According to a further embodiment, the data BUS connection of the DC voltage supply of the vehicle electrical system is modulated (DC-BUS system). However, the invention is also applicable to a conventional serial data bus (LIN).

The use of LEDs as light sources is preferred, but not mandatory. The advantage of the LEDs is the lower power consumption. Different from incandescent lamps are the current characteristics, because while the current drain of an LED rises very steeply and without overshoot to the steady state current value, the current drain of a light bulb at the switch-on is significantly above the steady state value until it has stabilized after about 100 ms. In the case of the light bulb, the ohmic resistance is almost zero at the switch-on time and in this respect is similar to a short circuit. The filament heats up quickly and the ohmic resistance increases. As a result, the steady state current drain is established. In order to ensure the failure detection of an LED light source and not to generate erroneous error messages, the most accurate replication of the current drain of a conventional light bulb must be made. This is achieved by performing both a hot simulation and a cold simulation.
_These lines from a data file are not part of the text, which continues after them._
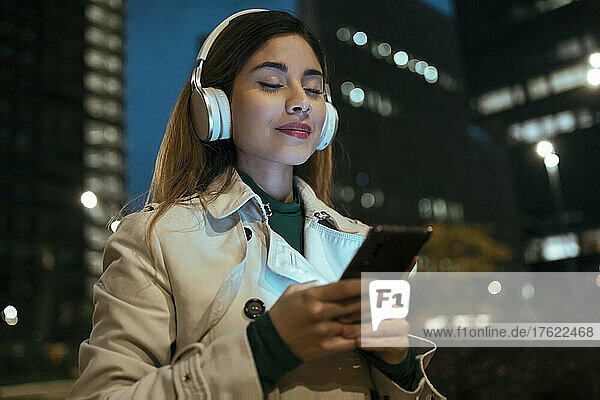 Beautiful woman with eyes closed listening music through wireless headphones at night
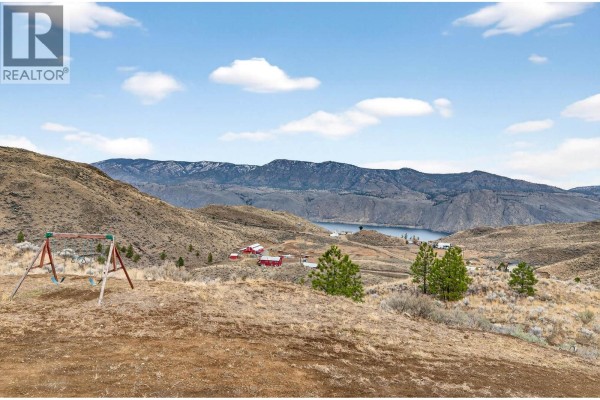 Aerial view of property with surrounding landscape, mountains, and distant lake - 524 Deer Drive, Kamloops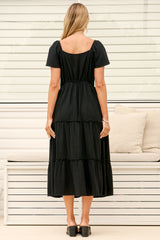 Model wearing Karina Midi Dress in Black from Salty Crush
Further advantages and details will become apparent from the following description in which reference is made to the accompanying drawings. This shows a highly schematic representation of the vehicle electrical layout of a consisting of a towing vehicle and a trailer vehicle association.

The vehicle, preferably commercial vehicle, is composed of the driven vehicle Z and the vehicle trailer A pulled, for example a semitrailer. The electrical connection between trailer A and towing vehicle Z takes place via flexible connection cables 3 ,

Near the front side wall 1 of the trailer vehicle A is this with an electrical connection box 2 Mistake. This has, facing the towing vehicle Z, plug-in connections for the flexible, detachable electrical connection to the towing vehicle Z on.

The connection box 2 has plug-in contacts for the vehicle lighting and also encloses a control unit of the electronic braking system of the vehicle trailer. This creates the prerequisite for a signal-technical connection of the control unit of the electronic brake system with a light control unit described in more detail below. By linking the control unit of the electric brake system with the light control unit, an "intelligent" lighting system with advantageous functions such as reversing systems, an adaptive (dependent on the strength of the braking process) brake light and the like can provide other functions.

At the rear of the vehicle trailer A is located in a conventional manner, a left and a right taillight unit L. Darin several vehicle lights are structurally summarized, such as the brake light L1, a right or left turn signal lamp L2, the tail light L3 and possibly a reversing light, a rear fog lamp or the license plate light. In the drawing, only one of the two existing taillights L is shown.

As lamps, the vehicle lights L1, L2, L3 are equipped with light-emitting diodes (LED) and corresponding ballasts for the light-emitting diodes. The LEDs are usually connected in the manner of a matrix consisting of parallel LED rows, which in turn consist of several LEDs.

Part of each tail lamp unit L is also a BUS signal connection 11 and a light control unit 13 a data BUS system, which is formed in the embodiment described here as a DC-BUS system. For supplying the BUS signal connection 11 and the controller 13 with the required operating voltage is a power supply 14 , This is over that of the connection box 2 to the two taillights L leading positive conductor 7A fed. Usually, the electrical systems of large commercial vehicles are operated with a supply voltage of 24 volts DC.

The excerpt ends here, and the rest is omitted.